Heavy Feelings Bring the Edge Back to Rock Music

The voice I heard on this somewhat anonymous EP felt familiar. It turns out it’s Nadia Garofalo, formerly of Ganser, which makes all the sense in the world because their last album, Just Look at That Sky, was one of the best rock releases of the last few years. This collaboration between Garofalo and Ben Shillabeer crosses the Atlantic (Garofalo lives in Chicago while Shillabeer lives in the UK) and is in a similar mold of post-punk sounds combined with lyrics that are so sharp that they practically draw blood.

Punk is in a tough spot lately because it is hard to really come off as provocative. Bashing Republicans is thuddingly obvious, and the left has so much tone-policing that a lot of artists shriek their lyrics but ultimately still come off as docile rule-followers. Heavy Feelings has the right idea, as the lyrics turn inward and often reveal uncomfortable truths about ourselves, and the spiky sound is chaotic without becoming completely formless.

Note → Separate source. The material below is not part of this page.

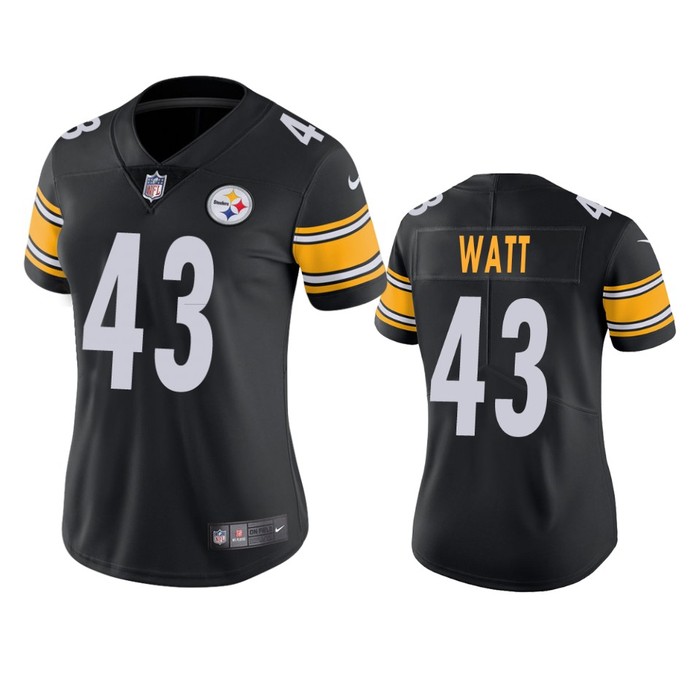 Derek Watt Pittsburgh Steelers Black Vapor Limited Jersey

The opener, “Noctalgia,” is the catchiest of the four songs, with a crunchy guitar riff and lyrics that go back to the Ganser theme of looking at the sky. It touches on a recurring theme across the EP, which is how our brains have melted due to a combination of internal and external factors. “Bootlickers” is more of a lashing out, with Garofalo tearing into suck-ups and parasites with cutting words: “how do you sleep so sound when the sky is falling and your neck’s in the ground?” My favorite of these tracks is probably “Pacemaker,” which goes in a more internal, atmospheric direction with haunting synths and a nearly spoken word vocal that hits close to home. “Nothing hits harder than steps not taken,” and “they worry so much about violence, but it’s the monotony that will kill you” are the sort of harsh-but-real lines that give this EP a legitimate edge. The rumbling “Goodfaith” closes things out, and I interpret it as being about how everyone shouts past each other now and how frustrating it is to try to have any kind of intellectual debate anymore. “What’s the use when everything is true?” sums up most of the discourse now where people create their own individual realities and have built up walls against any criticism or debate.

The hard-hitting lyrics and the aggressive sound give Heavy Feelings some actual abrasiveness — it has the provocative nature of punk in terms of probing and asking questions without the annoying performative aspect. This duo has channeled a lot of frustration and angst into an EP that packs more of a punch than almost any recent full-length release.